Diversi quotidiani italiani hanno fatto riferimento al recente congresso della Lega Comunista Rivoluzionaria, la sezione francese del Segretariato Unificato. In particolare hanno ricordato la decisione presa a maggioranza del 70% circa di un accordo elettorale con l'altra organizzazione trotskista, Lutte Ouvriere, per le elezioni sia regionali che europee del prossimo anno, in netta contrapposizione al Partito Socialista e alla cosiddetta "sinistra plurale"; e inoltre il fatto che i sondaggi ipotizzino un ampio sostegno alle liste trotskiste, superiore anche al record dell'11% realizzato dai tre candidati  trotskisti (Lcr, Lo, Partito dei Lavoratori) al primo turno delle presidenziali del 2002.

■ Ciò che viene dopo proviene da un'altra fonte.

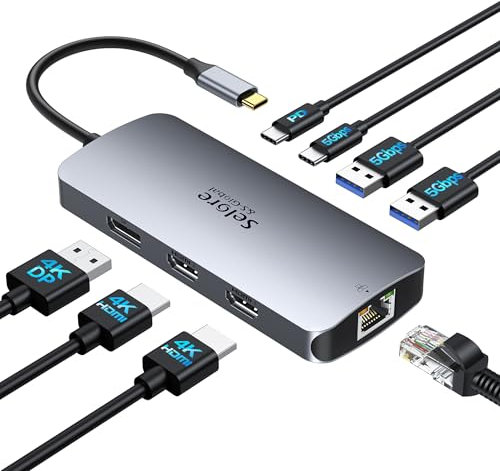 USB C Docking Station Dual Monitor, 8 in 1 Laptop Docking Station Triple 4K Display DockingStation mit 2 HDMI, DisplayPort, 1 Gbps Ethernet, 100W PD Charging, USB 3.0 Ports Adapter für Dell, HP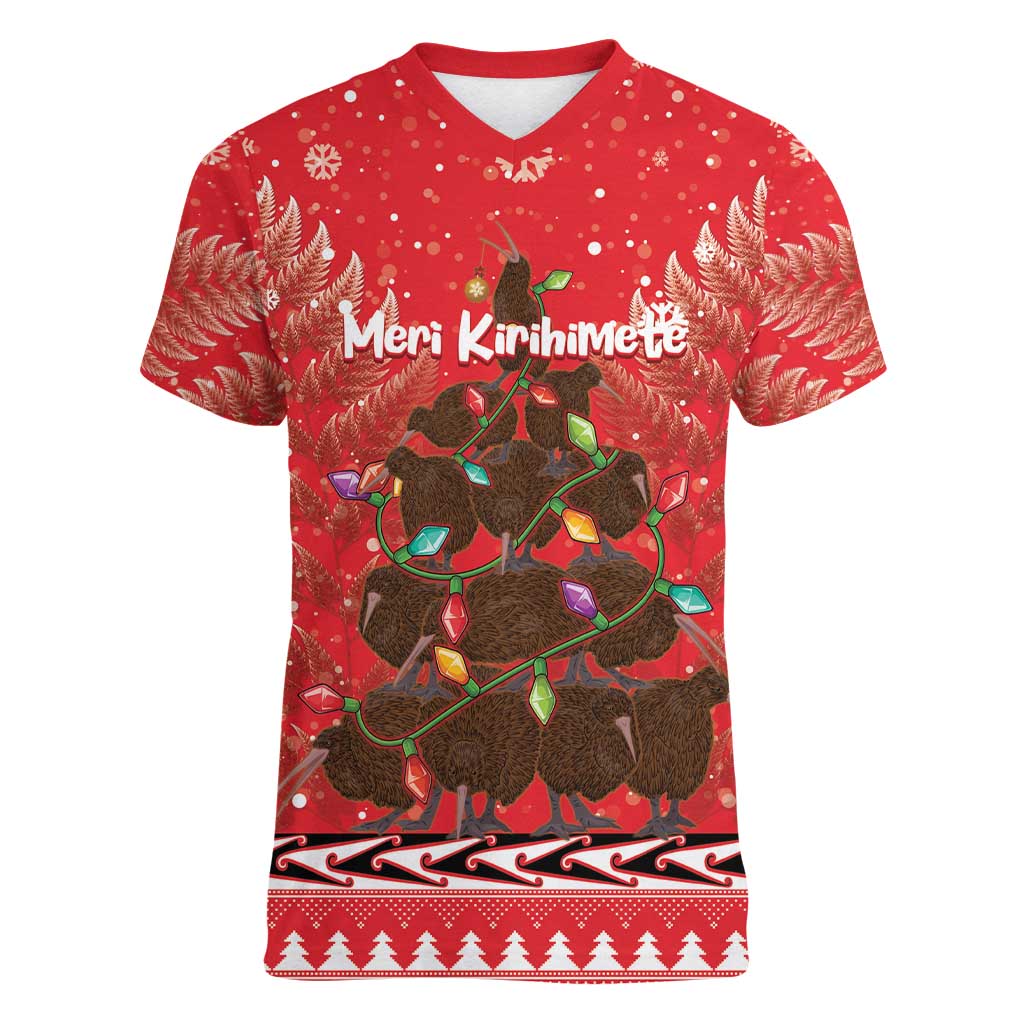 Kiwi New Zealand Christmas Women V-Neck T-Shirt Meri Kirihimete Silver Fern - Red Color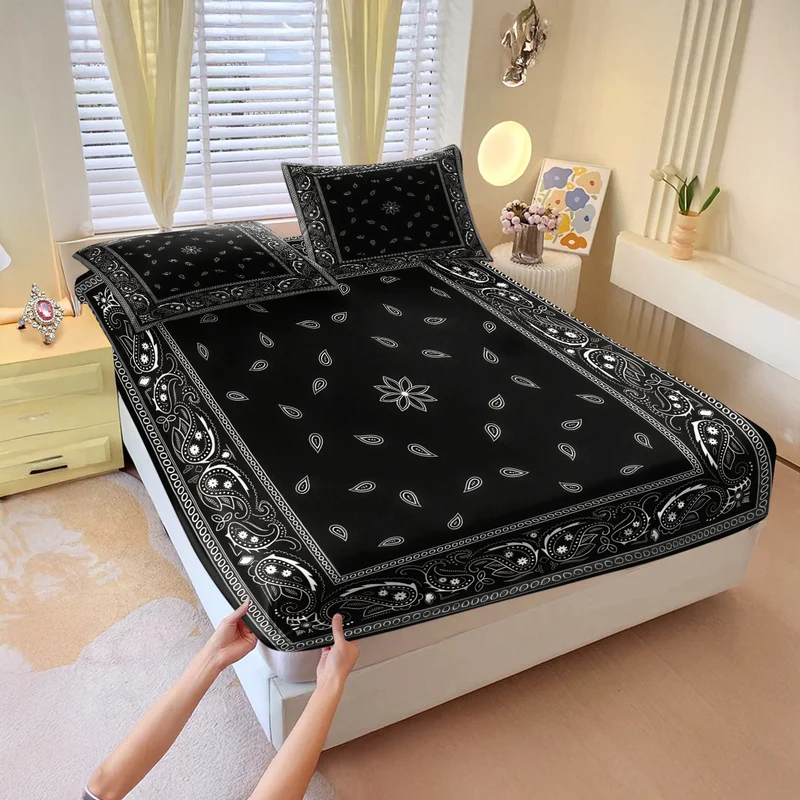 Black Bandana Paisley Fitted Sheet Set 1 Fitted Sheet 2 Pillowcases Soft Microfiber Bedding Set for Bedroom All Season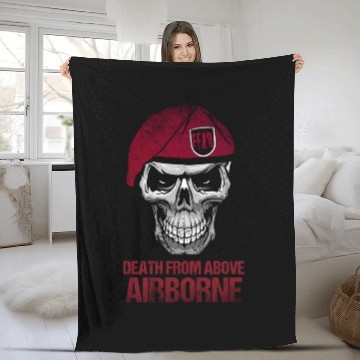 Discover Airborne Paratrooper Wings US Army Military Fleece Blankets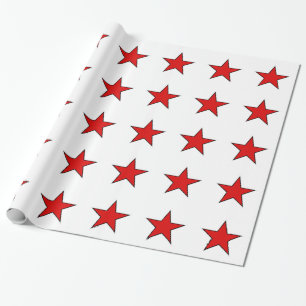 Papel De Regalo estrellas del rojo en el fondo blanco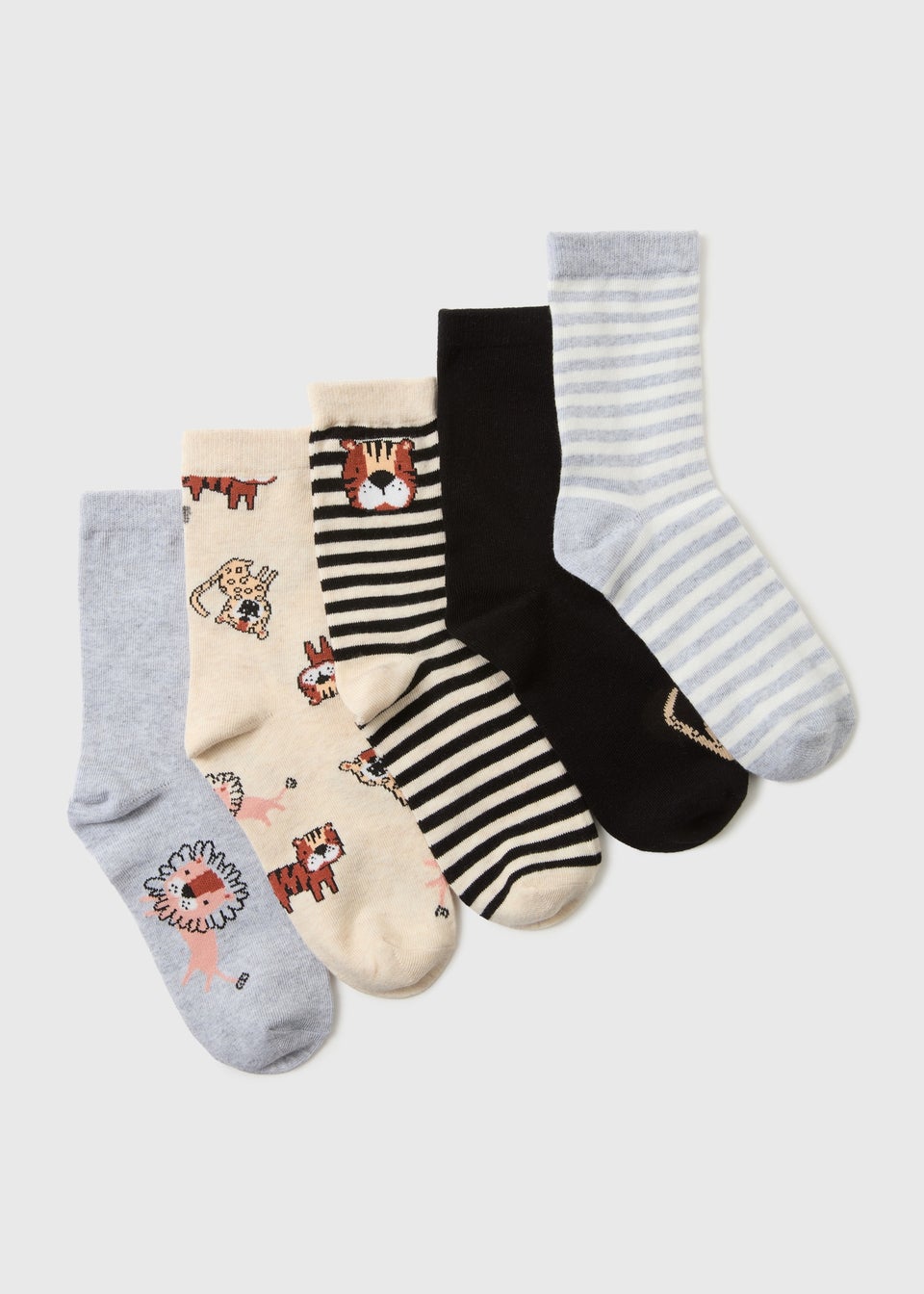 5 Pack Boys Grey Jungle Socks (Younger 6/8.5- Older 4/6.5)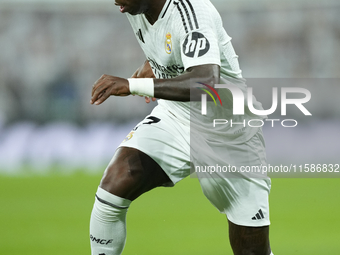 Vinicius Junior left winger of Real Madrid and Brazil during the UEFA Champions League 2024/25 League Phase MD1 match between Real Madrid C....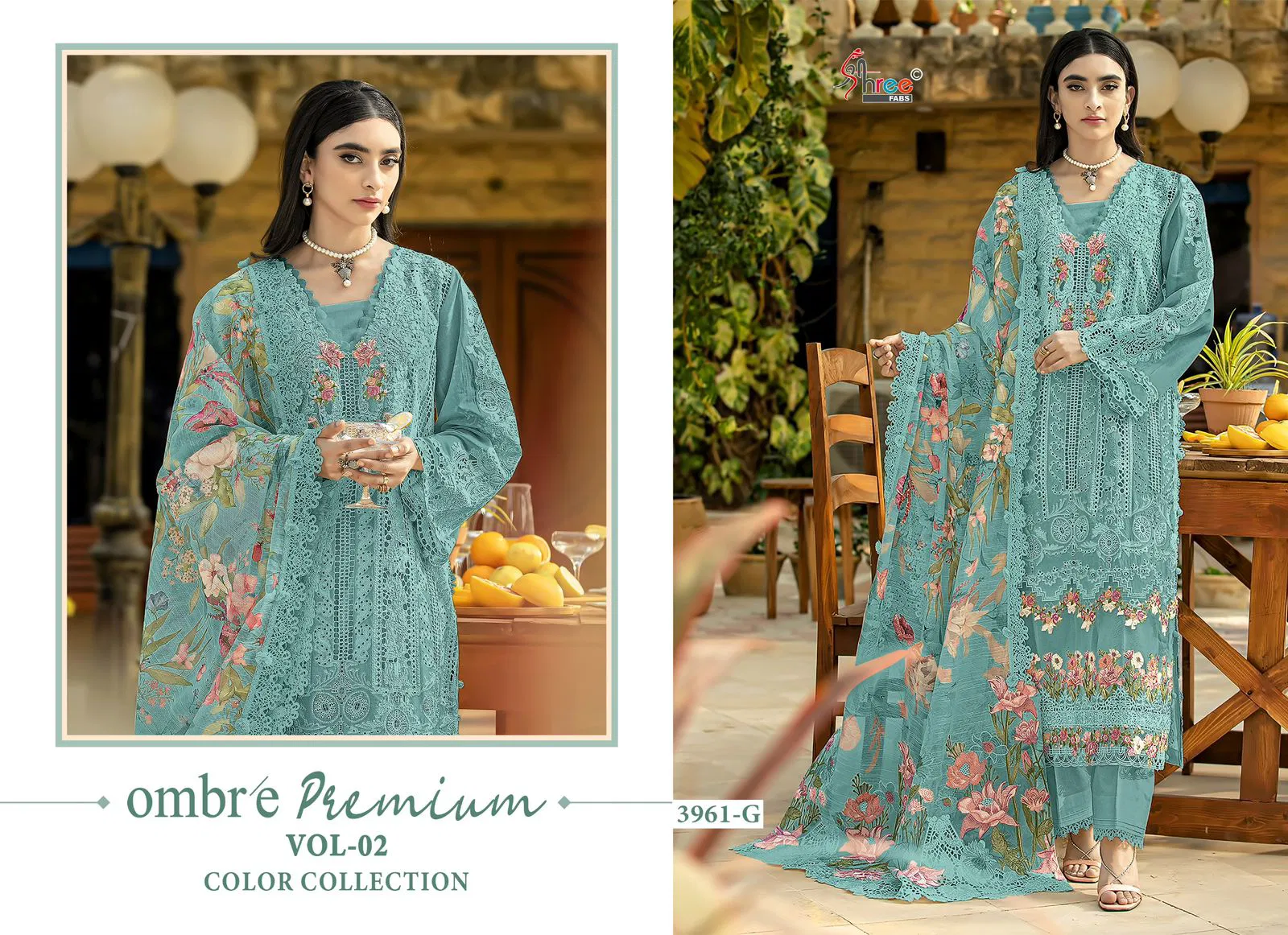 Shree Ombre Premium 3961 E To H Cotton Embroidery Pakistani Salwar Kameez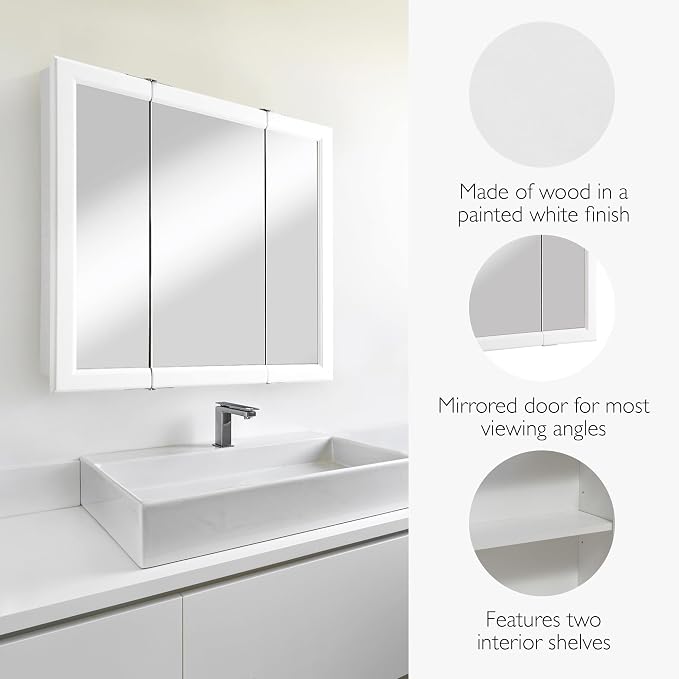 Design House Wyndham Tri-View Medicine Cabinet, 30", White | Wall Mount, Transitional, Wood, Bath, 545293-WHT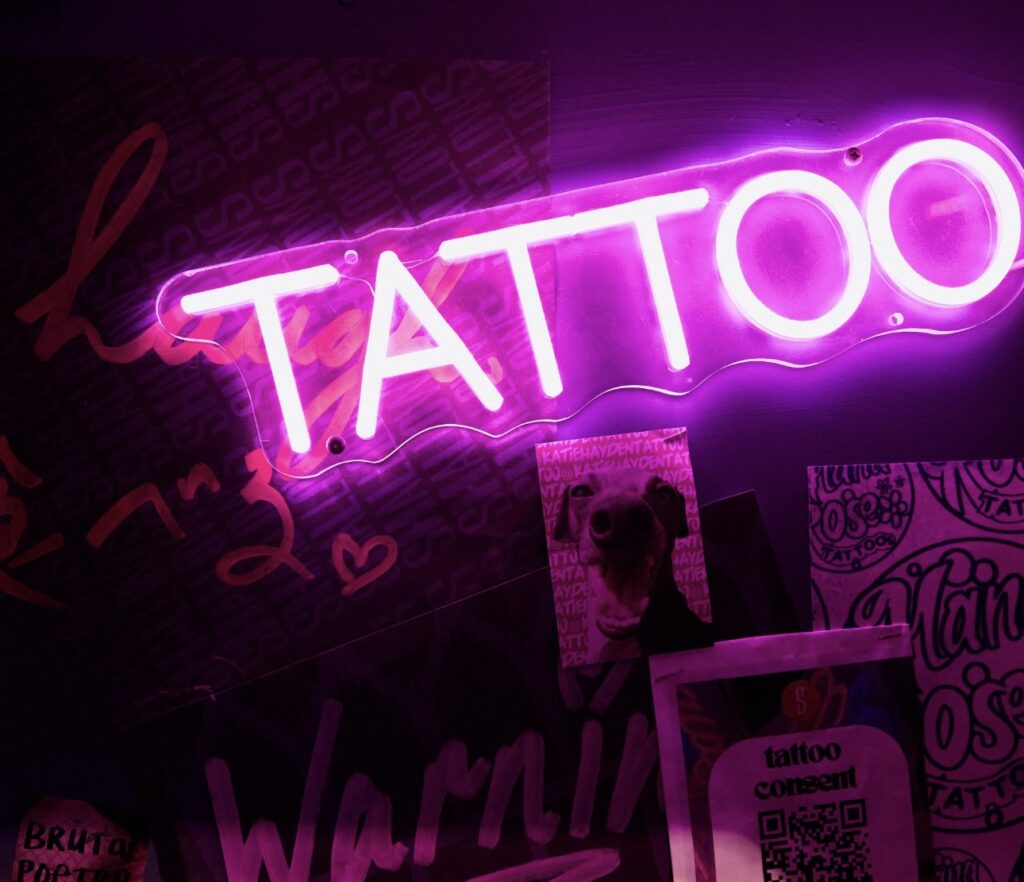 tattoo shop open sign
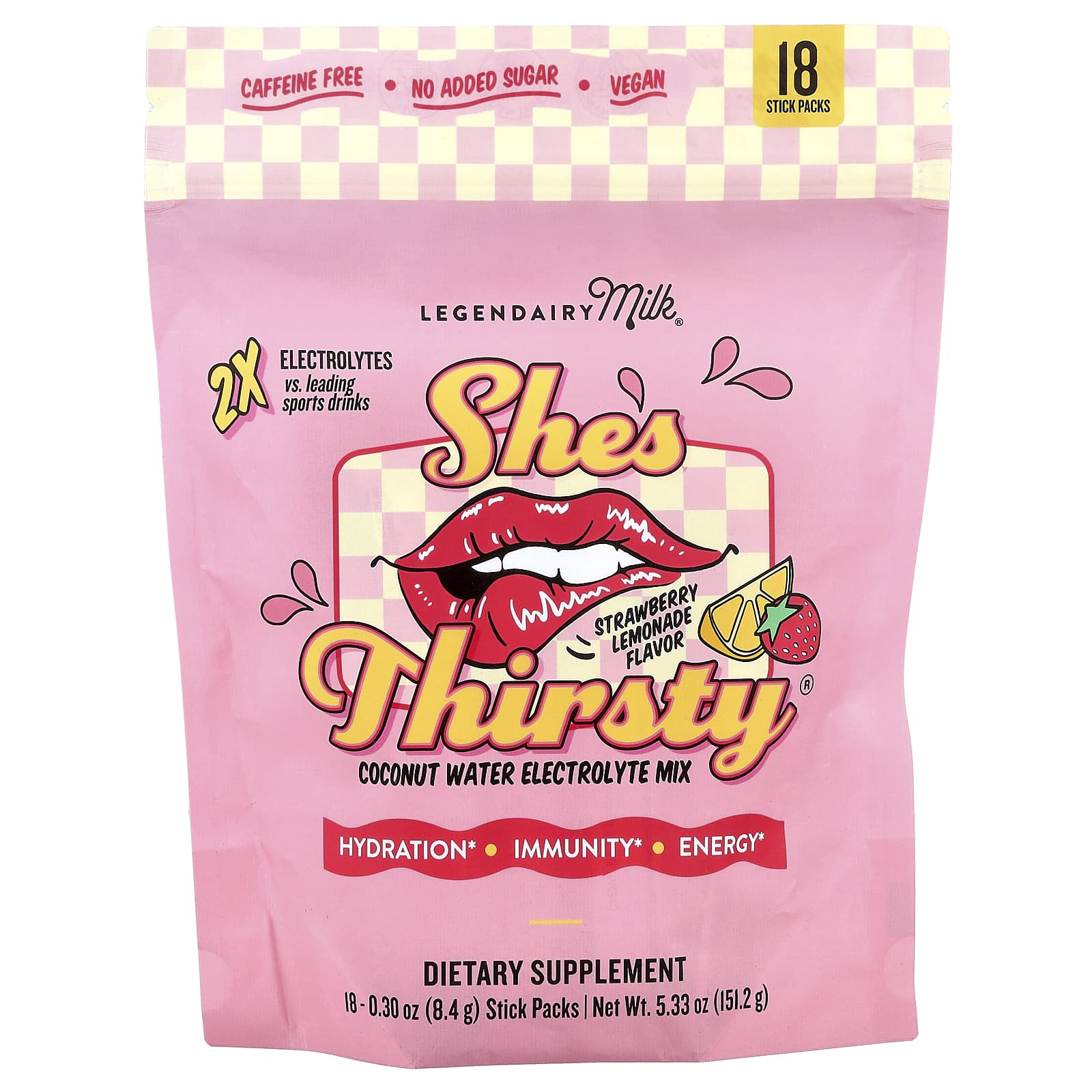 Legendairy Milk, She's Thirsty®, Coconut Water Electrolyte Mix, Strawberry Lemon, 18 Stick Packs, 0.30 oz (8.4 g) Each - Image 1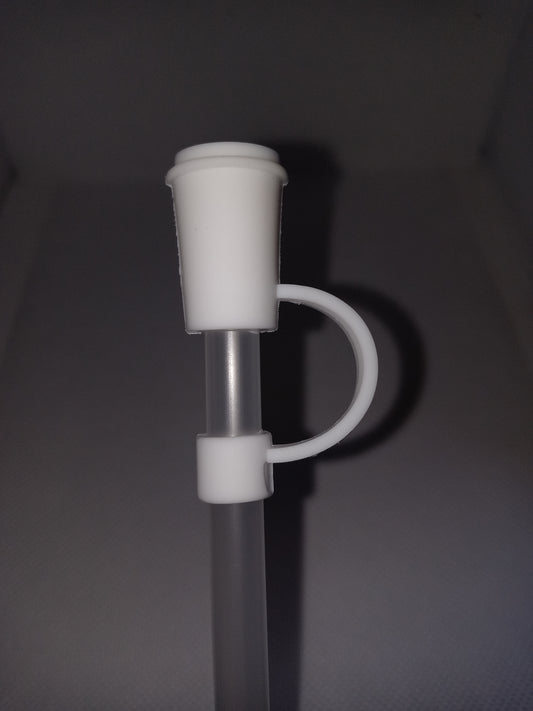 WHITE COFFEE CUP STRAW TOPPER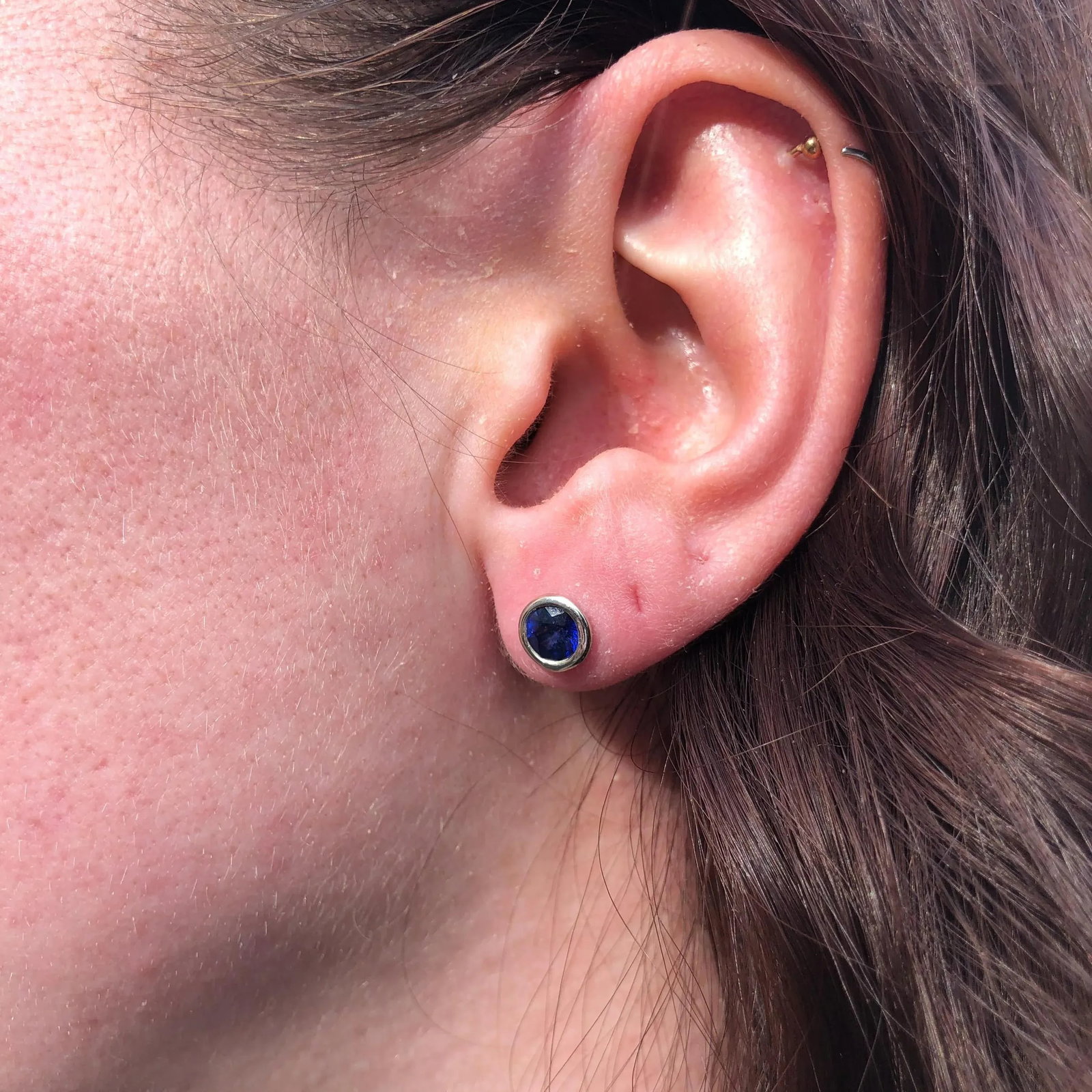 Blue Sapphire Bezel Set Solitaire Stud Earrings in Solid 14k Gold Round - 2 Pieces - 6
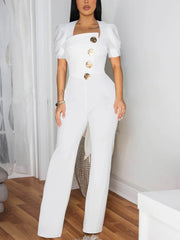 Elegant Large Button Embellishment Fitted Jumpsuit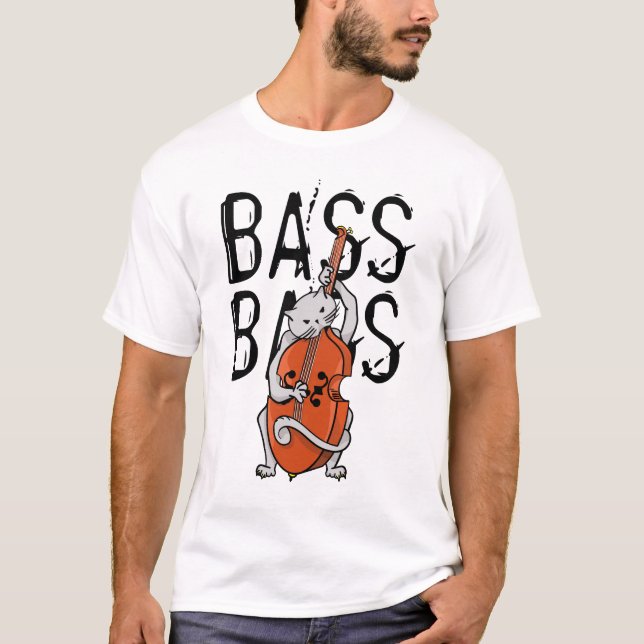 Grey Cat Playing a Double Bass or Upright Bass T-Shirt (Front)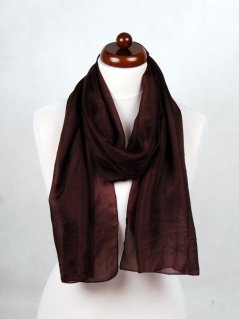Hedvábná šála jednobarevná tmavě hnědá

La decisione della lista unitaria ci pare, al di là dei gravi limiti politici di entrambe le organizzazioni coinvolte (per il nostro giudizio politico su di esse si veda l'articolo sulle elezioni presidenziali su "Proposta" n° 33) positivo, e l'ampio spazio di sostegno l'espressione, contraddittoria proprio rispetto all'analisi che il SU faceva dopo il crollo degli "stati operai degenerati", di una, sia pure confusa, ricerca da parte di ampi settori di massa di una alternativa radicale alla società capitalistica.

Però questo stesso congresso, di una organizzazione certo, ad oggi, diversa dalla riformista Ds brasiliana (il che non toglie che sia inqualificabile il suo silenzio sulla politica controrivoluzionaria degli affiliati brasiliani alla stessa organizzazione internazionale) ha avuto un momento emblematico che esprime la realtà odierna del pablismo, anche congiunturalmente più di sinistra. Con l'85% dei voti favorevoli il congresso ha infatti deciso di eliminare dallo statuto dell'organizzazione il riferimento alla prospettiva della "dittatura del proletariato". Secondo quanto riferisce Le Monde i dirigenti della Lcr hanno motivato così la loro scelta "E' una maniera per dire che il ciclo aperto con l'ottobre 1917 si è oggi chiuso, che bisogna fondare un nuovo progetto di trasformazione sociale...".

Ci paiono parole chiare. La questione non è terminologica. Rinunciando al concetto di dittatura del proletariato la Lcr, ne siano o no pienamente coscienti tutti coloro che hanno votato a favore di tale scelta, rinuncia, nei fatti, alla prospettiva della rivoluzione proletaria.

E' un vecchio dibattito nel movimento operaio. Già più di cento anni fa Engels affermava: "Recentemente il filisteo socialdemocratico è stato preso da sacro terrore a sentire la parola 'dittatura del proletariato'. Vogliono sapere cos'è la 'dittatura del proletariato', questi signori? Ebbene guardino alla Comune di Parigi. Questa fu la dittatura del proletariato".

Noi siamo certi che proprio nel paese della Comune si troveranno compagni e compagne (nella Lcr, in Lo, nella sinistra del Pcf che si richiama al marxismo rivoluzionario, nelle nuove generazioni) che riprenderanno, malgrado e, se necessario, contro i dirigenti revisionisti del trotskismo la prospettiva concreta della rivoluzione proletaria e quindi della dittatura del proletariato, costruendo un vero partito marxista rivoluzionario e quindi leninista, come quello che diede l'assalto al cielo nell'ottobre del 1917, con un'esperienza che resta la base fondamentale per ogni reale prospettiva di cambiamento dello "stato di cose presenti". Senza tale sviluppo ogni successo politico od elettorale, per quanto grande fosse quantitativamente, non rappresenterebbe nulla storicamente per la lotta per la liberazione dallo sfruttamento e dalla oppressione di questa società.